The balance sheet should be included in the monthly financial statement package. Many smaller nonprofits don’t prepare a balance sheet throughout the year; in some cases just a summary of the cash account balances as a note to the income statement is sufficient. But if your organization has receivables, loans, or other reportable balances, you can be pretty sure that the financially savvy members of your board want to see a balance sheet even if they shy away from asking for it.

When board members look at the balance sheet, they want to know:

  • Do we have the resources to pay our bills?
  • Do we have too much debt?
  • Have we built up equity (unencumbered assets) over the years?

The balance sheet is comprised of three sections:

  • Assets
  • Liabilities
  • Net Assets (also called fund balance, net worth, or equity)

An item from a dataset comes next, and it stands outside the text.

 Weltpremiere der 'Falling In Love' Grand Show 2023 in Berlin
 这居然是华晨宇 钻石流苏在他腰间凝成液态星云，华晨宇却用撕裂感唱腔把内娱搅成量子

We’ll look at assets and liabilities now and net assets in Part 2.

Assets

  • Cash: for example, donations, fundraising, grant awards, and fees received as a result of the organization’s activities.
  • Receivables: cash that has been promised or earned, but not yet received.
  • Investments: cash that has been invested because it is not needed for everyday operations.
  • Property and equipment (or “fixed assets”) net of depreciation: the value of tangible items and software after depreciation (called “book value”) with an original cost above a specified threshold and a useful life of more than one year.

Liabilities

  • Accounts payable: amounts owed to vendors.
  • Payroll and fringe benefit accruals: amounts owed relating to salaries/wages that have been earned but not yet paid. These include wages, payroll taxes, and retirement plan matching funds.
  • Outstanding principal on loans: Only loan principal owed is shown on the balance sheet; as payments are made, interest expense is recorded on the income statement.
  • Deferred revenue: cash that has been received but not yet recorded as revenue.

WORKING CAPITAL

To make sense of the balance sheet, experienced readers of financial statements look at “working capital” and the “working capital ratio.” Working capital is the arithmetic difference between current assets and current liabilities, and the working capital ratio is current assets divided by current liabilities. These are measures of “liquidity.” The reader needs to see that the resources are there to pay the bills on time. A cash balance of $500,000 looks great, but if the organization currently owes $750,000 to its vendors and employees, then it may be in trouble. A balance of $750,000 on a twenty-year mortgage is a different story.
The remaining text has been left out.